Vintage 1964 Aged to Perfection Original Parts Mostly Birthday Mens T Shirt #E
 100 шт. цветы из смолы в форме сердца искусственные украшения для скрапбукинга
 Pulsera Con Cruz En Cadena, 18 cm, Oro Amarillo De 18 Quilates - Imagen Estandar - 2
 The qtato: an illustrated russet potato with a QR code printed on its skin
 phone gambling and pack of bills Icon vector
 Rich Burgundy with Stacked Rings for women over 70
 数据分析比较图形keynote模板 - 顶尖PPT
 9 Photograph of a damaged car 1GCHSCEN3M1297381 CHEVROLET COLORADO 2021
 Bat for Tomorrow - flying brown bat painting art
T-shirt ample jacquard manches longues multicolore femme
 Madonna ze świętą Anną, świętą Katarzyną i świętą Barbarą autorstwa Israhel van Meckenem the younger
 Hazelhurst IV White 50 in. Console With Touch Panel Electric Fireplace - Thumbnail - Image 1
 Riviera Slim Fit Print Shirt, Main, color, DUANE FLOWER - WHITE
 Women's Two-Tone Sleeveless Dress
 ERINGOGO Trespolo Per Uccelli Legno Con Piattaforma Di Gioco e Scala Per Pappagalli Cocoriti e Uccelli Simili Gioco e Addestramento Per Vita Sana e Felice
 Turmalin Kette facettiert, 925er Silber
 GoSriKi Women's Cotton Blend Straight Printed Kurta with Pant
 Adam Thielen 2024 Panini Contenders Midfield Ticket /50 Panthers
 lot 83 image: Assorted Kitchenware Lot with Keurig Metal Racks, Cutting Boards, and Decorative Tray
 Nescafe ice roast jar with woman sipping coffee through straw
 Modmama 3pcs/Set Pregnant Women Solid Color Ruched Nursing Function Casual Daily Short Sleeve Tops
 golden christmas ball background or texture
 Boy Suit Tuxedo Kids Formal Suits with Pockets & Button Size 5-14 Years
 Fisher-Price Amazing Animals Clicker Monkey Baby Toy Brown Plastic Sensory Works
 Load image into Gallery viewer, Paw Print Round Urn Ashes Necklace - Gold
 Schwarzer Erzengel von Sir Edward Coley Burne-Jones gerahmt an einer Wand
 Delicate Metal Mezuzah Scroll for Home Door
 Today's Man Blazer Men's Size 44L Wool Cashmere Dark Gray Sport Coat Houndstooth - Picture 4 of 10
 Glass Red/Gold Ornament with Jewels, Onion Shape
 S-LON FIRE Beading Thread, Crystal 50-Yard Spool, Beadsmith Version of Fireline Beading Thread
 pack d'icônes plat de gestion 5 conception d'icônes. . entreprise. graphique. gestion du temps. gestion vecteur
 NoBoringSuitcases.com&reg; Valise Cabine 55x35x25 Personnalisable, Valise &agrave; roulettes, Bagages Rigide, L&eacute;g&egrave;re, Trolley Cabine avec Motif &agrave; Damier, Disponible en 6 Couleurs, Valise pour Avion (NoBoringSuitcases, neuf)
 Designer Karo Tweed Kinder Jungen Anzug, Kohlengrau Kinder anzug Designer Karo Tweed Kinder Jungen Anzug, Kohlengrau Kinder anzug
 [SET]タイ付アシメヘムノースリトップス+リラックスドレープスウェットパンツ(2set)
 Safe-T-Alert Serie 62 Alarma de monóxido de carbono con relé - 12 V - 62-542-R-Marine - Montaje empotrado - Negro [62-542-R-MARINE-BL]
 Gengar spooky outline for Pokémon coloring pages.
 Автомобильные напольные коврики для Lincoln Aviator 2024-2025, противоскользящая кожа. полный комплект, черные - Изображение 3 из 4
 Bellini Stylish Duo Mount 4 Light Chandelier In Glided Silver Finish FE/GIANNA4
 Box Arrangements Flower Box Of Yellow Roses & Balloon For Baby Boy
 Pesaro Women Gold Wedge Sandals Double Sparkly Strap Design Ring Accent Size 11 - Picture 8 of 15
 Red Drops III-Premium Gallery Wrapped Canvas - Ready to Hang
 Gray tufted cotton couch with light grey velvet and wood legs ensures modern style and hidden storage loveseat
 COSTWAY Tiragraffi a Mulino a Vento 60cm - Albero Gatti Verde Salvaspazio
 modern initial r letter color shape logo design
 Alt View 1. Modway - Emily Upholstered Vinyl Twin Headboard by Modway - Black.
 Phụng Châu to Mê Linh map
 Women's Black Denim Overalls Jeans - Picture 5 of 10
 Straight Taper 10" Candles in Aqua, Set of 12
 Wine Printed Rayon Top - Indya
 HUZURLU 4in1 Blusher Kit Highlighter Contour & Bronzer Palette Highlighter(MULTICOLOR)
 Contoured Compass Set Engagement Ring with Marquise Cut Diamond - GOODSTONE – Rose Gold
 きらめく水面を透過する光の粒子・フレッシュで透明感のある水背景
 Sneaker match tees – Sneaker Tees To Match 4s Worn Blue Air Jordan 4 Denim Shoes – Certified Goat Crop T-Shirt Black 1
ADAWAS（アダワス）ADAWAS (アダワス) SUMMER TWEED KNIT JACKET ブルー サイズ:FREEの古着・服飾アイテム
+++
**Work instruction:**
In the listing above, find the line with "Today's Man Blazer" and the line with "S-LON FIRE Beading". Output those two lines and every line between them, exactly as written.

**Answer for the task:**
 Today's Man Blazer Men's Size 44L Wool Cashmere Dark Gray Sport Coat Houndstooth - Picture 4 of 10
 Glass Red/Gold Ornament with Jewels, Onion Shape
 S-LON FIRE Beading Thread, Crystal 50-Yard Spool, Beadsmith Version of Fireline Beading Thread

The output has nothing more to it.